The growing concern about horse meat in processed foods in the UK has got me thinking about differing cultural attitudes to which animals we are prepared to eat.  In France, supermarkets have a section in the meat department specifically for horse meat and one can order horse steak tartar in some restaurants. Yet on this side of the channel, lasagnas and burgers with traces of horse are being removed from supermarket shelves faster than a racehorse at Ascot. I assume that the French horses are bred for consumption rather their equine relatives that are finding their way into the food chain due to criminality and corruption amongst suppliers.
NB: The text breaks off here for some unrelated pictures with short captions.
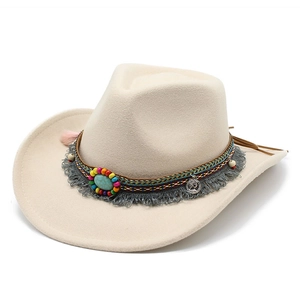 Détail d'un chapeau de cowboy en laine crème avec ruban perlé et pierre turquoise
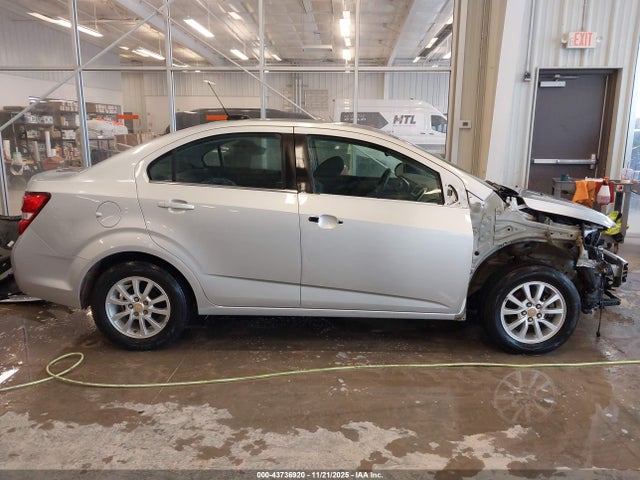 1G1JD5SHXJ4123252 Chevrolet Sonic Lt Auto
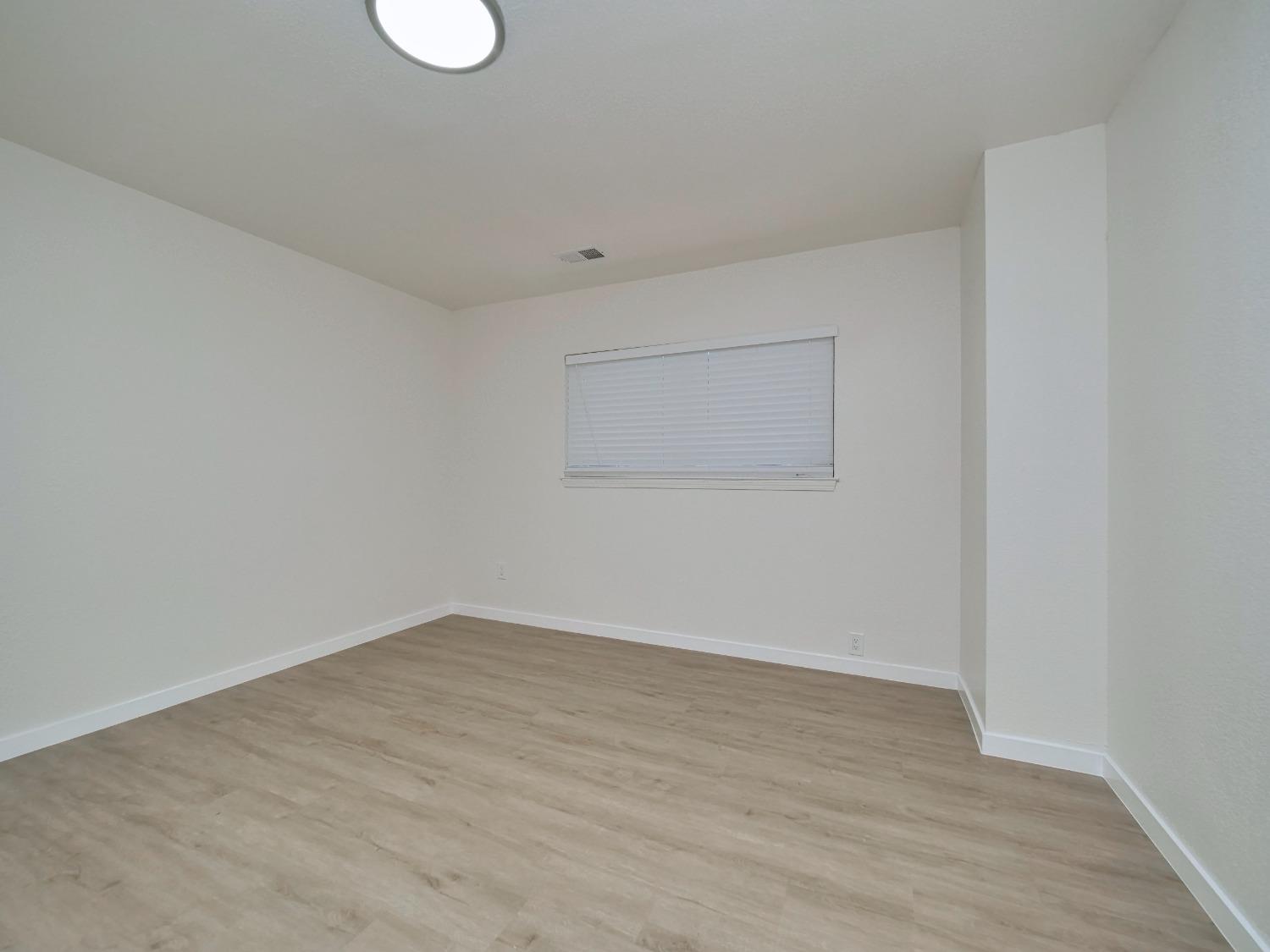 Detail Gallery Image 37 of 52 For 14 Blue Heron Ct, Sacramento,  CA 95833 - 2 Beds | 2 Baths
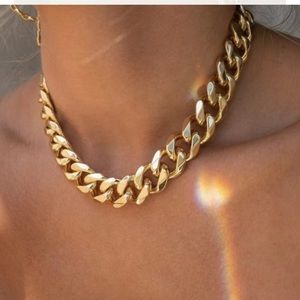Garage Short Chunky Gold Chain Necklace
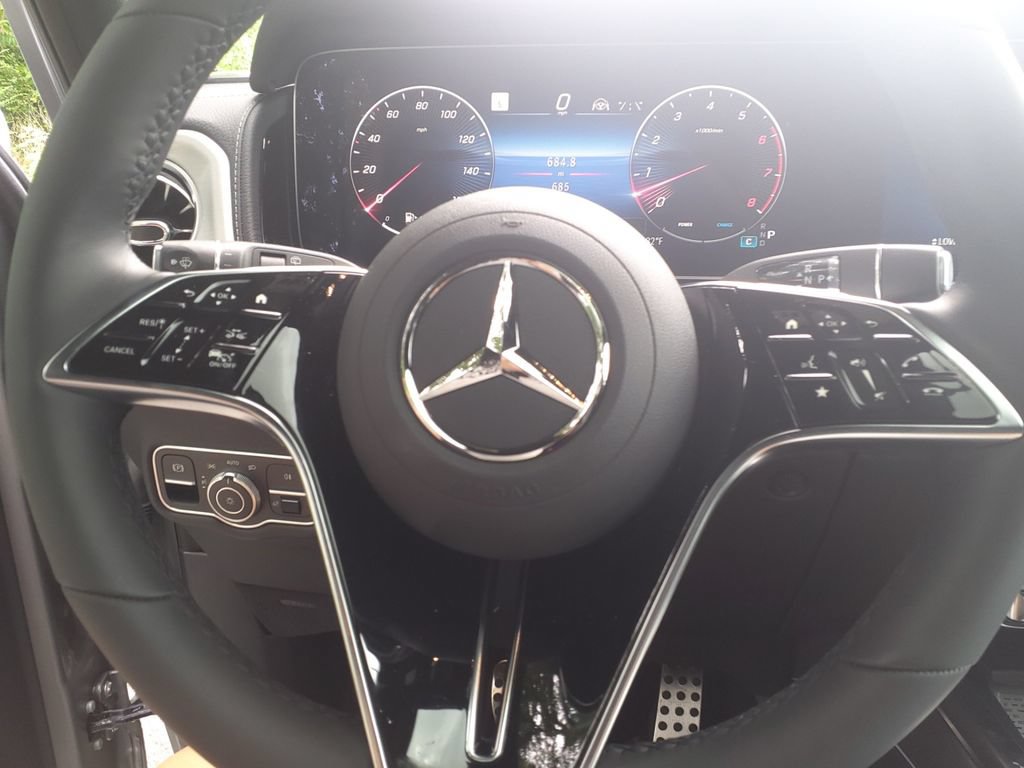 Used 2026 Mercedes-Benz G 550 image 26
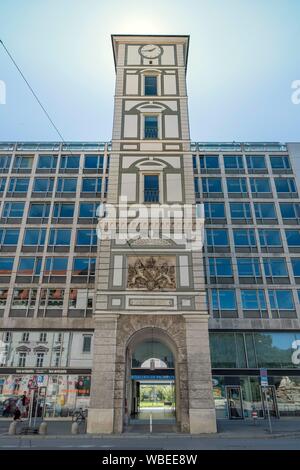 Max Tower, Lenbachplatz, Munich, Bavière, Allemagne Banque D'Images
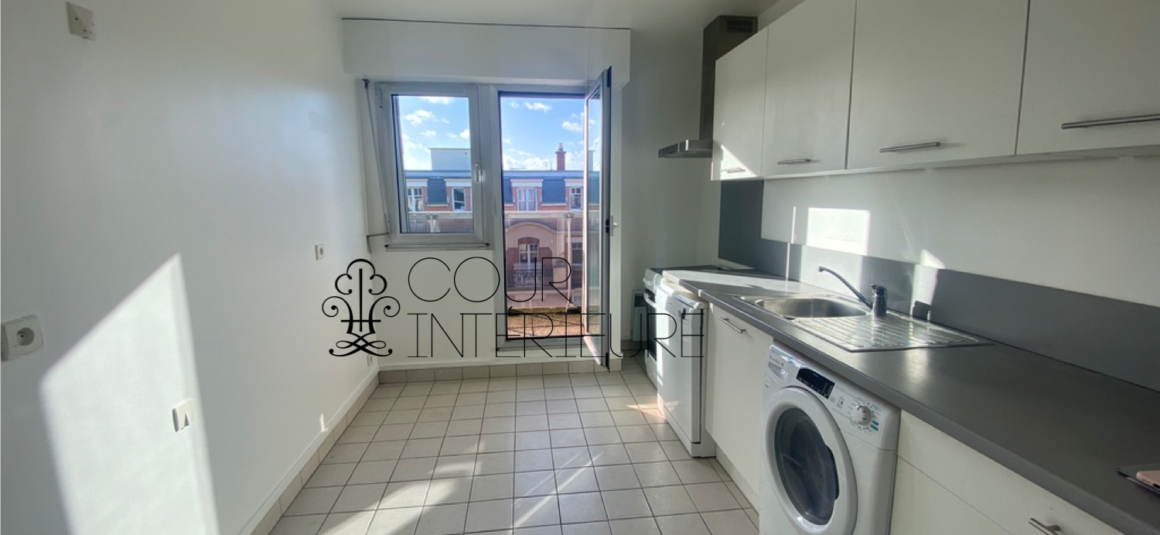 VIDE – 3 chambres – Paris 15ème – Rue de la Convention – 105 m2 + Balcon Terrasse de 12,5 m2 –  7ème et dernier étage avec ascenseur – Double parking en sous-sol – Loyer charges comprises : 3.950 euros cc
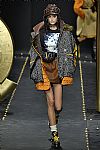 2019 Fall Winter', 'Versace', 'Full Length', 'VERSACE_WCFF19_012.jpg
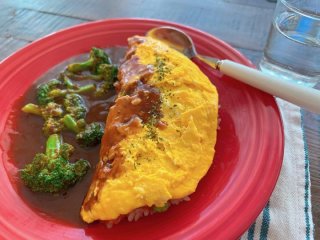 正月ボケした舌に効く～！お口が欲するジャンクなオムハヤシ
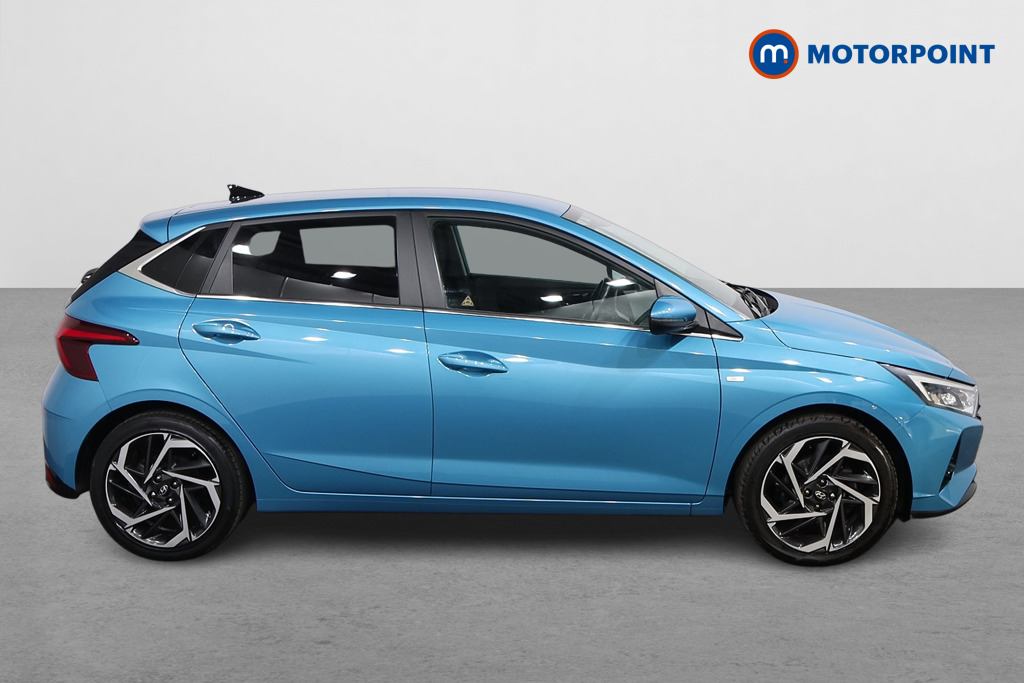 Hyundai I20 Premium Manual Petrol Hatchback - Stock Number (1634387) - Drivers side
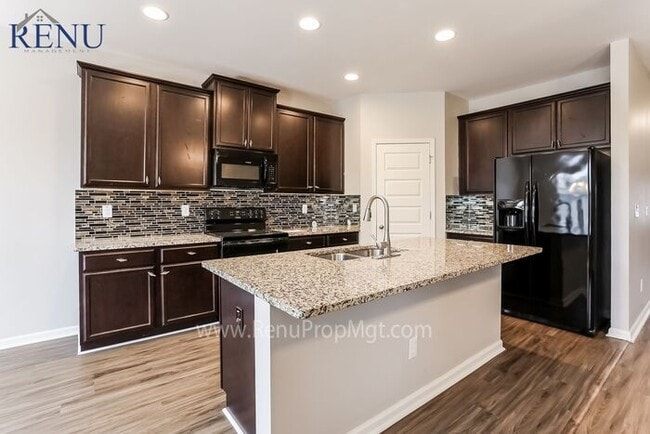 Foto del edificio - Now Available!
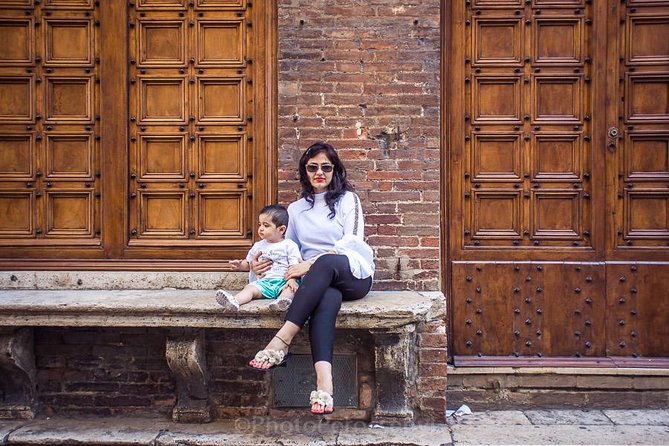 Private Photo Shoot in Siena - Photographer and Expertise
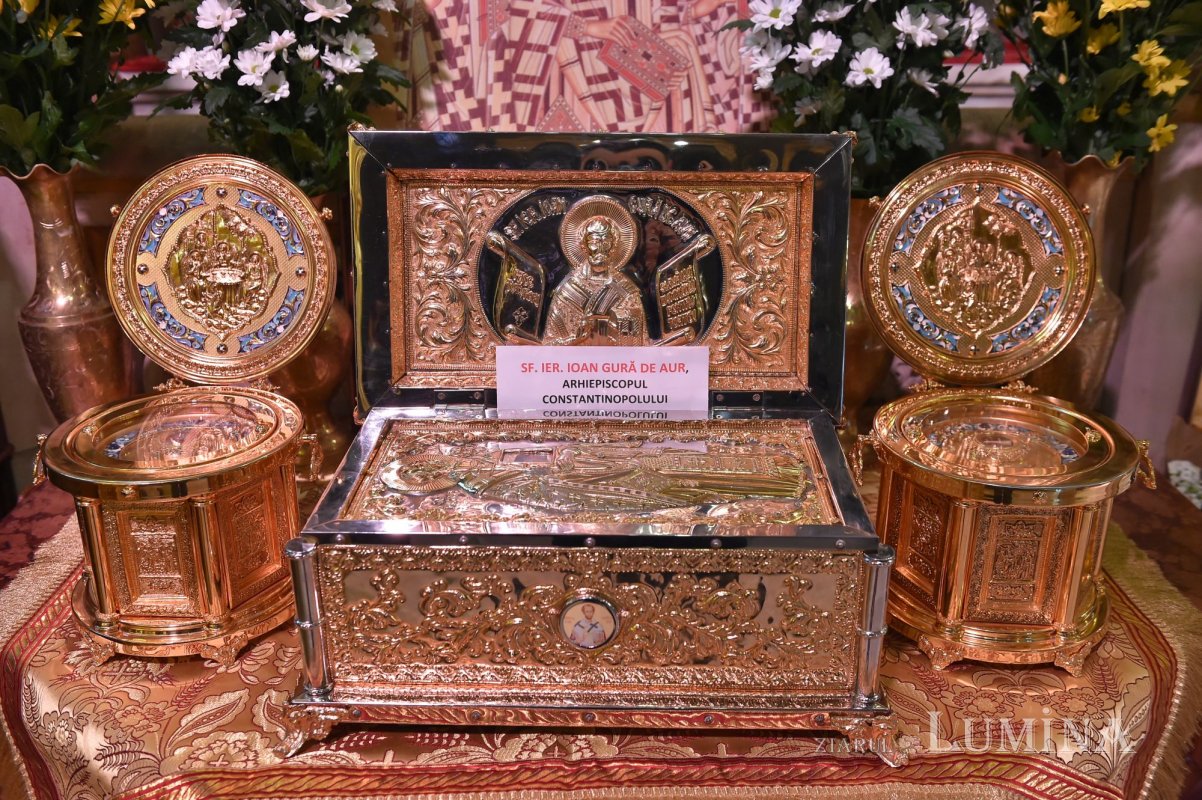 Laudă de seară adusă Sfinților Trei Ierarhi la Catedrala Patriarhală 201981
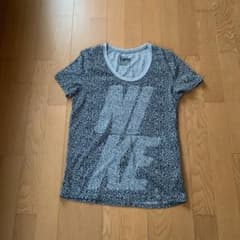 ★NIKE ナイキ★ドライフィットTシャツ　Mサイズのサムネイル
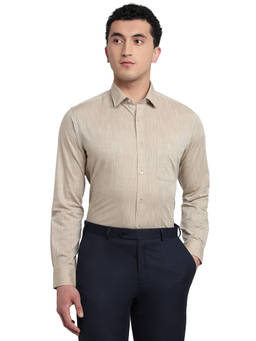 Raymond - Brown Pure Cotton Full Sleeves Pure Cotton Slim Fit Solid Shirt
I have always adopted an unsentimental approach to meat eating. I introduced my children to rabbit in their early years. I did not associate the meal with Flopsy Bunny any more than I would have served up a roast pork and spoken of Peppa Pig. They took the lead from me and cleared their plates.

The one time they succumbed to sentimentality was on a trip to the Lake District during the lambing season. We watched a tiny lamb, just born, struggling to its feet, the afterbirth still stuck to its mother’s woolly rump.

Lake District lamb

We were spellbound as we watched a scene as old as the ancient stone wall on which we perched. That evening we ate in an olde worlde inn where lamb featured heavily on the menus. The boys refused to eat any and I knew better than to suggest otherwise.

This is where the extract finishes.